Zur Ausstellung im Lapis Lazuli: Im Gespräch mit dem Künstler Menno Veldhuis

Stand:

Herr Veldhuis, warum stecken Sie den Maler Vincent van Gogh in einen Mähdrescher?

Van Gogh hat die Ernte oft thematisiert. Ich habe da so eine Vorstellung gehabt, von einem Mähdrescher als rebellierende Maschine, die sich plötzlich gegen den Menschen wendet. Das ist ein bisschen auch so mit der Malerei. Der Maler kann von der Malerei nicht leben, aber ohne auch nicht.

Ihre neuen Ölbilder zeigen alle van Gogh. Er konnte zu Lebzeiten kaum Bilder verkaufen, wurde verkannt. Ziehen Sie den Vergleich zu Ihrem eigenen Leben?

Zum Beispiel ist er als Holländer ins Ausland gegangen. Wie ich.

...man hört es an Ihrem Akzent. Sie sind 2004 der Liebe wegen aus dem niederländischen Arnheim nach Potsdam gezogen...

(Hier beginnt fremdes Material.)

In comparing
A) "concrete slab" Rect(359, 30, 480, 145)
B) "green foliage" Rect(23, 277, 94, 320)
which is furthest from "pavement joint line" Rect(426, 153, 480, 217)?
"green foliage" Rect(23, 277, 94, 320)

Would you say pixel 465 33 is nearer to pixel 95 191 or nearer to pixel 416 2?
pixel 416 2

Ja, und Van Gogh, der ist wie eine Ikone für Leidenschaft, geistige Verwirrung und Besessenheit für Malerei. Ich wills jetzt nicht so weit treiben, aber ich bin auch jedenTag vier, fünf Stunden im Atelier. Ich muss malen, malen, malen. Und ich male van Gogh, weil ich Lücken schließen will.

Welche Lücken?

Es gibt keine Fotos, nur eins als Kind und eins in der Malklasse. Und darauf schaut er immer ernst aus wie auch auf seinen Selbstporträts. Darum lasse ich ihn auf einem Bild lächeln. Er versucht es. Aber es gelingt ihm nicht. Er grinst nur schief.

Ihre Bilder stellen Sie vor allem in Cafés aus – wie hier im Lapis Lazuli in der Benkertstraße. Sie kosten zwischen 100 und 600 Euro. Haben Sie auch versucht, Galerien für sich zu finden?

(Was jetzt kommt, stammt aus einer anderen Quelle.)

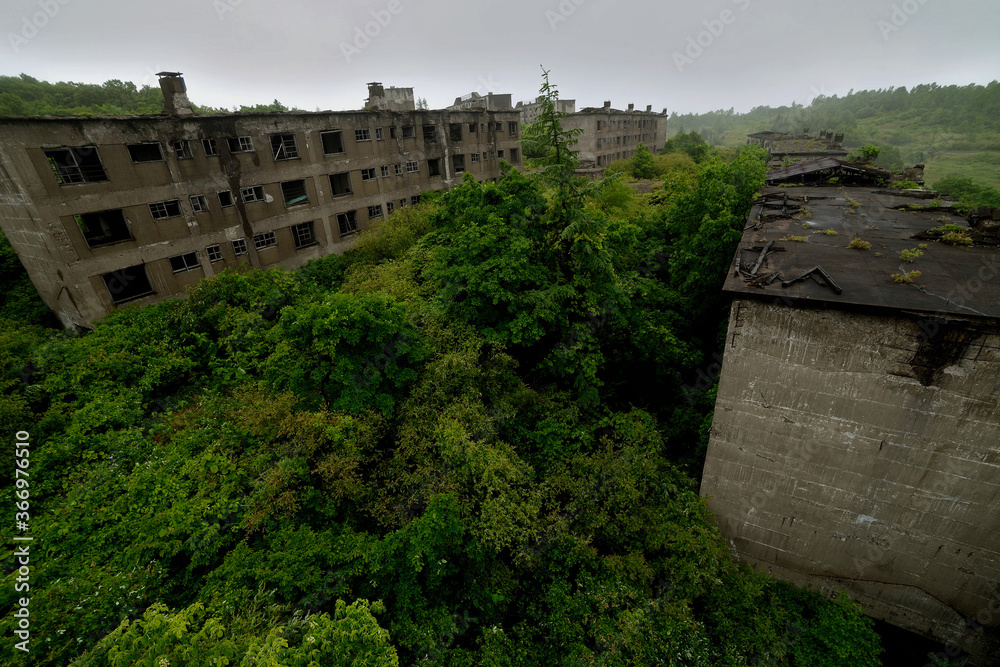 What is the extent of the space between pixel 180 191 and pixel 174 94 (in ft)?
15.9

Ja, ich habe zum Beispiel mit dem Potsdamer Galeristen Rainer Sperl gesprochen. Er hat gesagt, ich hätte Potenzial, aber noch würde ich zu wild malen.

Und wären Berliner Galerien eine Option?

Ja, ich habe dort mit einer Arbeitsmappe Galerien abgeklappert. Aber es liegt mir nicht, mich zu verkaufen. Ich komme mir dabei so nackt vor.

Wovon leben Sie dann?

Ich bekomme Hilfe vom Amt.

Sie haben zwei Jahre Malerei und genauso lange Kunstgeschichte studiert. Sie sind jetzt 33. Glauben Sie, dass Ihre Kunst Sie irgendwann ernährt?

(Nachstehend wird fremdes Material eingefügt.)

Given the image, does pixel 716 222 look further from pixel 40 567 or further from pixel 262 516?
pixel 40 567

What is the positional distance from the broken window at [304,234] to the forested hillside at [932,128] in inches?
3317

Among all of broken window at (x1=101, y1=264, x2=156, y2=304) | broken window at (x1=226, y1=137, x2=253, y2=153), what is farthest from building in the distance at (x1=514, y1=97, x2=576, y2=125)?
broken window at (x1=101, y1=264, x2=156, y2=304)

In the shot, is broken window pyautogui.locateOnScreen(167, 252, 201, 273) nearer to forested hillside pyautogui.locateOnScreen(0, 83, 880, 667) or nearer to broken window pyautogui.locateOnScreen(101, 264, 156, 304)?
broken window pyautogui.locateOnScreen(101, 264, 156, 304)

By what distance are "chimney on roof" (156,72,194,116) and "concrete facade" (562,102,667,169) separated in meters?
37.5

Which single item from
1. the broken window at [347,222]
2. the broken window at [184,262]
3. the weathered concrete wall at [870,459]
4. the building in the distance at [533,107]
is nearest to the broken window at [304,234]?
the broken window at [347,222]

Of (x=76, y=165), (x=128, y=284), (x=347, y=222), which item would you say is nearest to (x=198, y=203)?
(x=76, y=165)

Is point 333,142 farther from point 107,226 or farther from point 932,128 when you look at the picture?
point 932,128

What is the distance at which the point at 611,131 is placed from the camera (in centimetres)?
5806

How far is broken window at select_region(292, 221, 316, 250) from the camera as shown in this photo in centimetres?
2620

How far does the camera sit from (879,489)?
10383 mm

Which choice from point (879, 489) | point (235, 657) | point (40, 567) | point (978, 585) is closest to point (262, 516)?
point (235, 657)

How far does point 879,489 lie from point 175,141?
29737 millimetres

Als Künstler gilt man mit 40 noch als jung. Aber das ist dann auch die Grenze.

Haben Sie trotzdem manchmal Angst?

Ja, Existenzängste. Ich benutze sie beim Malen, versuche, sie so zu überwinden. Ich habe es auch mit anderer Arbeit versucht, aber dann hat man nur noch an den Wochenenden Zeit zu malen. Dann wird man Sonntagsmaler und dafür ist die Kraft in mir zu groß.

Wie fühlt sich diese Kraft an?

Es macht Spaß. Sich auf eine leere Leinwand zu stürzen ist schön. Malerei ist ein Prozess – ganz anders als musizieren. Da drückt man die Tasten und der Ton kommt sofort raus.

Sie musizieren?

Früher habe ich viel gespielt: Klavier, Gitarre und gesungen habe ich auch. Ich bin damit in Holland sogar im Radio aufgetreten. Aber mit 15 habe ich aufgehört. Da hatte ich keine Lust mehr.

Mit der Malerei ist es anders?

Ja, Malen ist ein ständiger Dialog mit den Bildern. Zum Beispiel bei meiner Minotaurosserie: Da haben Journalisten zu mir gesagt: Hey, Sie haben ja die vier Elemente verwendet. Ich hatte den Minotauros in Wasser, Feuer, Erde und Luft gemalt. Das war mir aber gar nicht bewusst.

Als hätten die Bilder es selbst gesagt?

Ja, sie geben ganz viel zurück. Es ist, als ob ich in meinem Atelier von lauter Kindern umgeben bin. Wie eine Familie. Wenn ich nach Hause komme, brauche ich erst mal Ruhe. Dann lege ich einen Film ein und bin eigentlich wieder allein. Dabei bin ich sehr menschenbedürftig.